Who You Gonna Call?

Americans love celebrities and often obsess about their lives, work, and screw-ups. We buy magazines proclaiming to divulge how "Katie and Tom Keep the Romance Alive," visit TMZ to see how skanky Lindsey Lohan dressed for her recent court hearing, and buy perfume endorsed by Sarah Jessica Parker (um, in my defense, I like how it smells). The fact that there's such a market for books attached to celebrities should be of no surprise.

Today I read an article on the Huffington Post website that discussed the rise in celebrity cookbooks, including one due out soon by Gwyneth Paltrow. Whil
e Gwynnie and I aren't exactly BFFs that tell each other everything, I'm in agreement with the columnist, Denise Vivaldo, that she probably didn't exactly plop herself down at the MacBook and write the entire book herself. Vivaldo points out that many celebrities "work with" more established, reliable ghost writers to create their cookbooks, who may be given credit with the phrase "by celebrity x with writer y" on the cover or on the title page. Sometimes, according to Joanne Kaufman's article in the Wall Street Journal, ghost writers are paid extra to not have their name mentioned, or may actually request this themselves if they don't support the celebrity or the actual project.

And it's not just cookbooks. Walk into your local bookstore and you're bombarded with memoirs, advice books, or guides that are written, supposedly, by celebrities. On the current New York Times bestseller's list for nonfiction there are several, including books by George Bush (obviously ghost written), Keith Richards, Meredith Baxter, and Mike Huckabee. Over the years we've seen autism guides from Jennie McCarthy, marriage advice by Julia Rancic, and math assistance from Danica McKellar.
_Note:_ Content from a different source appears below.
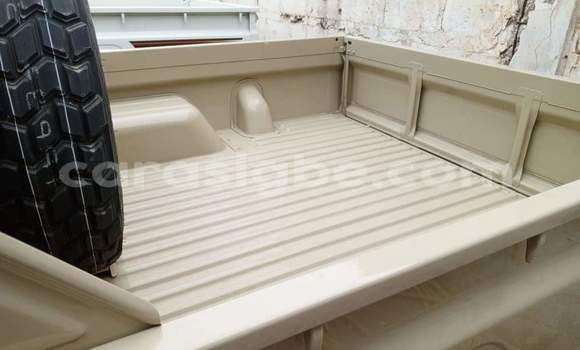 Buy Used Toyota Land Cruiser Beige Car in Lome in Togo Buy Used Toyota Land Cruiser Beige Car in Lome in Togo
Pick a celebrity, and chances are if they're slightly washed-up and have been an alcoholic, experimented with drugs, were cheated on, cheated on somebody else, or enjoy the company of prostitutes, they've written a book. Or, if they've ever had any diversity or trauma in their lives they're suddenly an expert and can tell us normal folks how to get through the ordeal. Currently, Charlie Sheen, sitcom star turned crazy raving lunatic, is trying to find someone to pay him $10 million for his story (I think I'd rather read his book than be forced to watch his stupid show, though). Sometimes, they even try to write novels, like "stars" Nichole Ritchie and Lauren Conrad (exception: Steve Martin). Ghost writers can also find work in social media, maintaining Facebook pages, blogs, and Twitter feeds for celebrities.
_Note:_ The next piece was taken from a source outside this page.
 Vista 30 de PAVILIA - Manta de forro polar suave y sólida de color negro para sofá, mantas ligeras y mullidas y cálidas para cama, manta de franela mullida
I imagine some of them play more of a role than others in turning their ideas and lives into an actual text. Hillary Clinton wrote her entire biography and then had her editor condense and polish it. Often, though, the ghost writer will conduct many interviews with the celebrity in order to collect raw data and will then create the book, giving the celebrity authorship credit (the movie The Ghost Writer, which was really interesting, is about this). In an article CNN ran last year, a ghost writer points out that when celebrities attempt to write their own stories they tend to end up writing hundreds of pages on their childhood before they even start discussing their careers, or struggle to have the skills necessary to write coherently.
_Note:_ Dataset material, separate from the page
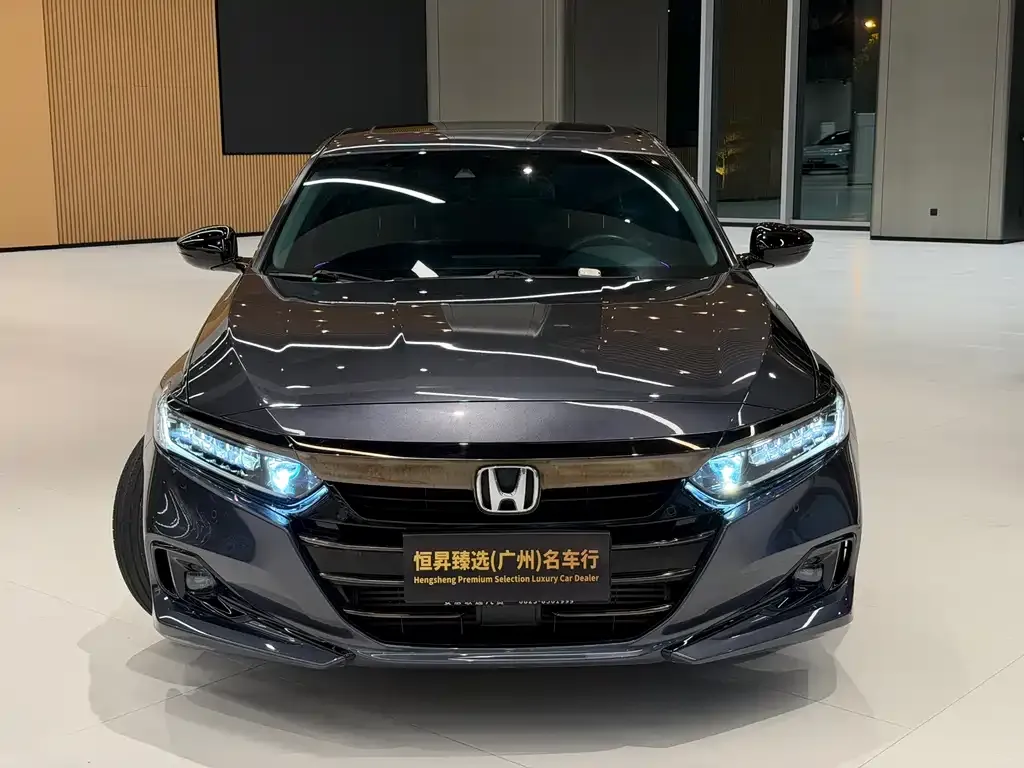 Honda Accord — фото 6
Personally, I think celebrity ghost writing is misleading, but not surprising. The rich and famous have help with every aspect of their lives (nannies, assistants, bodyguards, chefs, trainers, drivers, etc...), so it's really not surprising they wouldn't write their own books. I see these books as more expensive, heavier People Magazines, so from a literary standpoint there's no point in chastising them because it just isn't relevant. I do wonder about the ghost writers, though, as those who are hoping to actually have literary careers would be seen as selling out. I suppose it's acceptable for those that want to make a career out of just ghost writing, though, and understand the lack of credit they'll receive. I would find it frustrating, but I can also see how it may be attractive to some- you don't have to come up with any major ideas yourself, get to travel, meet new people, and are a part of the publishing world. The most important thing, though, is that people realize what they're reading and who is actually writing it. Buyer beware- that "autobiography" you're reading "by" Snookie, is probably written be a tall 40-year-old white guy who lives in Omaha with his parakeet and thinks The Situation is what happens when his toilet backs up.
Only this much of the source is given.